=== Section Start ===

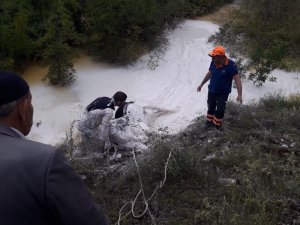 Kireç kuyusuna düşen vatandaş ve büyükbaş hayvan kurtarıldı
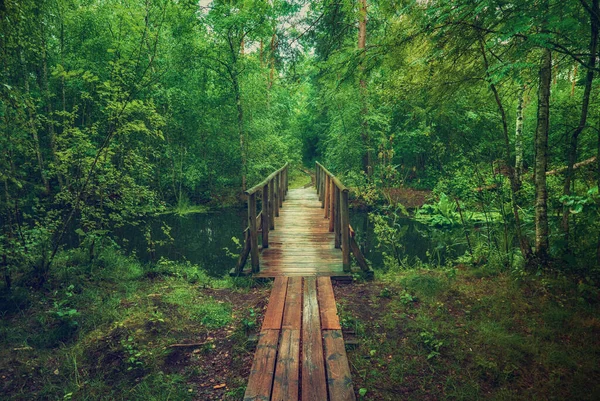 Летний Капризный Лес Болото Деревянной Дорожкой Мостом Зелеными Деревьями Естественным — стоковое фото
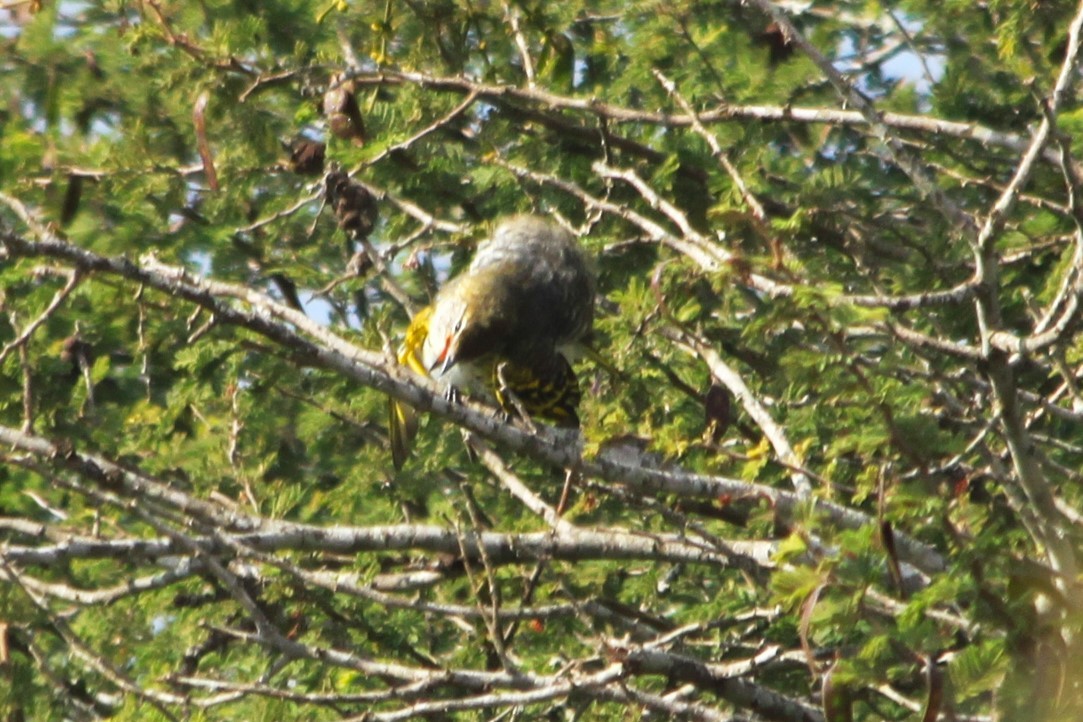 Black Cuckooshrike - ML614635822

=== Section End ===

▶ _Activity_
Please retype the material above exactly, and omit its images.

▶ _Exercise solution_
 Kireç kuyusuna düşen vatandaş ve büyükbaş hayvan kurtarıldı
 Летний Капризный Лес Болото Деревянной Дорожкой Мостом Зелеными Деревьями Естественным — стоковое фото
 Black Cuckooshrike - ML614635822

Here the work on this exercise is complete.